Back to Bali – 03 Mei 2026 | Pasar logam mulia Indonesia kembali menjadi sorotan menjelang pekan depan, dengan proyeksi harga emas mencapai Rp3,3 juta per gram. Analis pasar menyoroti lima faktor utama yang diyakini akan mendorong kenaikan tersebut.
1. Ketegangan Geopolitik
Konflik di wilayah Timur Tengah, khususnya ketegangan di Selat Hormuz, meningkatkan kekhawatiran akan pasokan minyak global. Karena emas sering dipandang sebagai aset safe‑haven, investor cenderung beralih ke logam mulia ketika risiko geopolitik meningkat. Analisis terbaru memperkirakan bahwa bila konflik berlanjut, permintaan emas dapat menguat secara signifikan.

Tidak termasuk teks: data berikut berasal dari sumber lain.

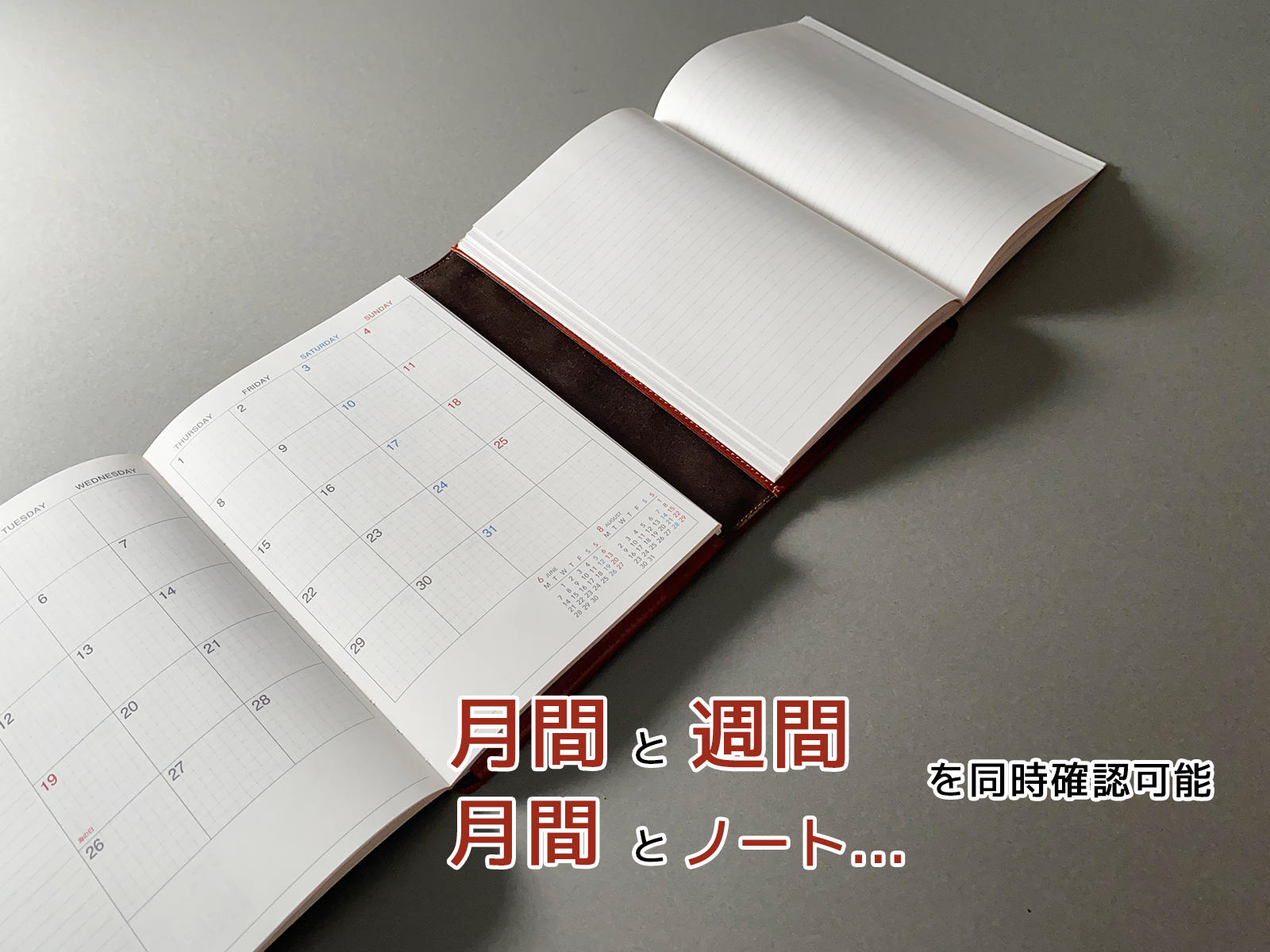 YOSHINAからアナログ管理の新提案！利便性を追求した「本革A5ノート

2. Kebijakan Moneter dan Dolar AS
Indeks dolar AS diperkirakan akan menguat hingga level 102, menandakan tekanan berkelanjutan pada mata uang lain. Penguatan dolar biasanya menurunkan harga emas dalam dolar, namun dalam konteks Rupiah yang melemah, nilai emas dalam rupiah tetap naik. Prediksi penguatan dolar tersebut menjadi salah satu pendorong utama kenaikan harga emas di pasar domestik.
3. Harga Minyak Mentah
Harga minyak WTI diproyeksikan berada di antara support $92 dan resistance $114 per barel. Kenaikan harga minyak biasanya menambah tekanan inflasi, yang pada gilirannya meningkatkan daya tarik emas sebagai lindung nilai. Dengan minyak berada pada kisaran atas, ekspektasi inflasi di Indonesia dapat memperkuat permintaan emas.
4. Depresiasi Rupiah
Rupiah diperkirakan akan menembus level Rp17.550 per dolar dalam minggu depan, lebih lemah dibandingkan level Rp17.300 saat ini. Depresiasi rupiah otomatis mengubah harga emas menjadi lebih mahal bagi konsumen lokal, meski harga emas dalam dolar tetap stabil.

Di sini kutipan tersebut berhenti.